[Task data — start]

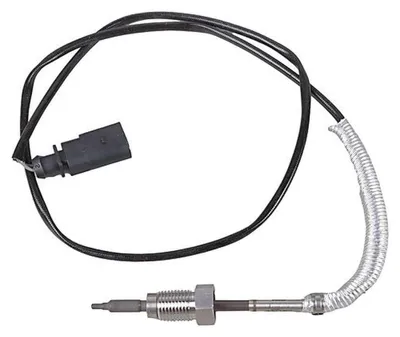 Produktbild von METZGER 0894882 Abgastemperatursensor für AUDI A4 Avant (8ED, B7) 800mm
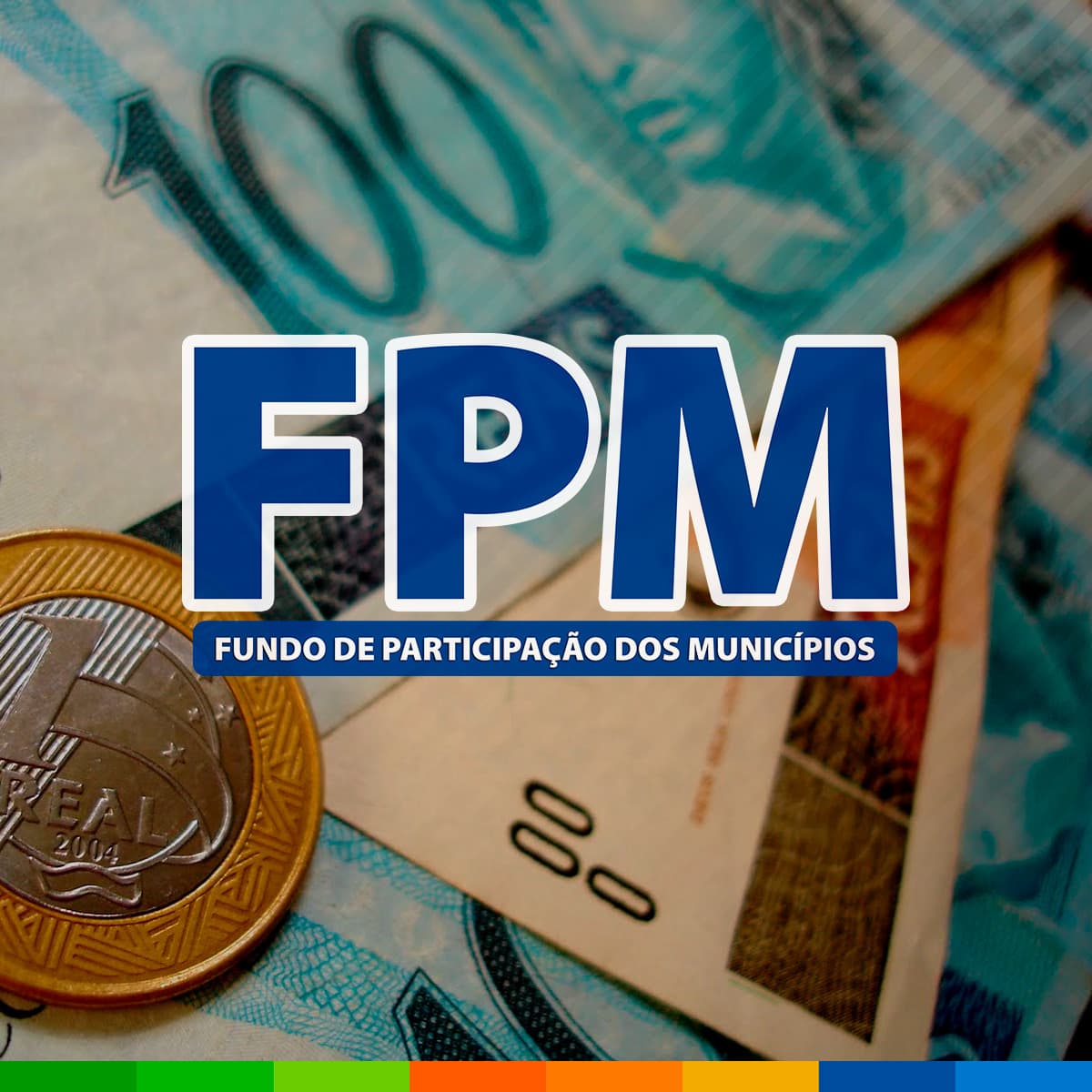 Municípios recebem R$ 3,6 bilhões da última transferência do FPM de junho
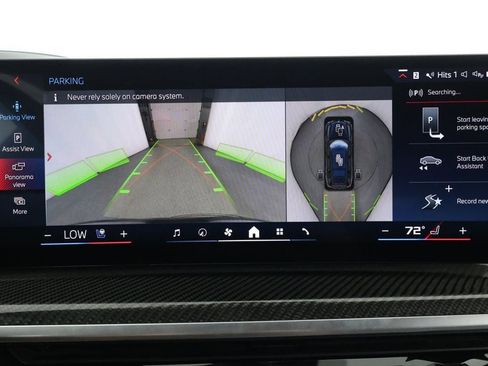 Used 2024 BMW X7 M60i w/ Executive Package image 18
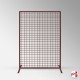 Gridwall Art Display Screen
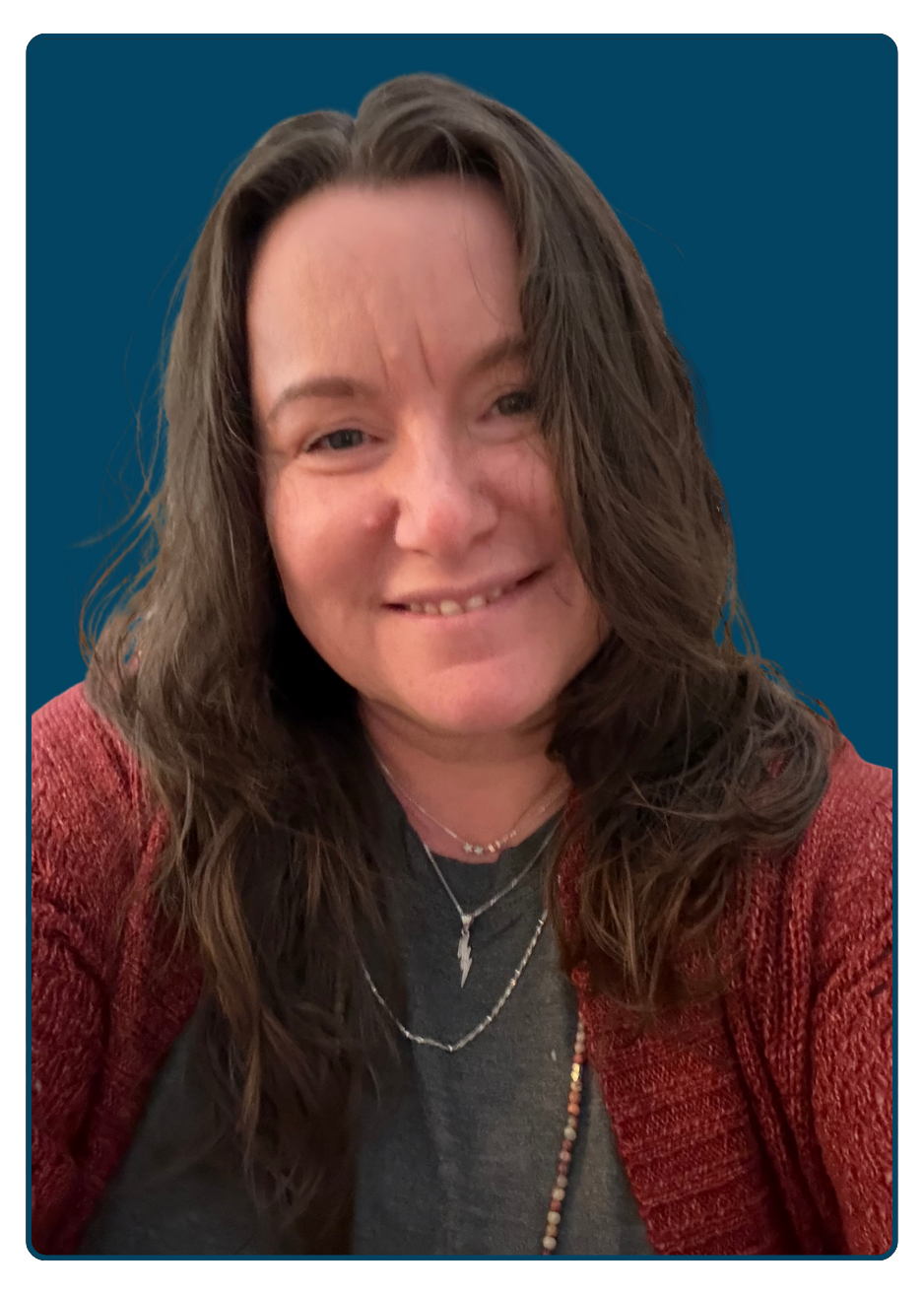 Monica Welty Headshot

[Task data — finish]

What this task involves: Please copy the data above exactly; the pictures do not belong in the copy.

Answer:
 Produktbild von METZGER 0894882 Abgastemperatursensor für AUDI A4 Avant (8ED, B7) 800mm
 Municípios recebem R$ 3,6 bilhões da última transferência do FPM de junho
 Used 2024 BMW X7 M60i w/ Executive Package image 18
 Gridwall Art Display Screen
 Monica Welty Headshot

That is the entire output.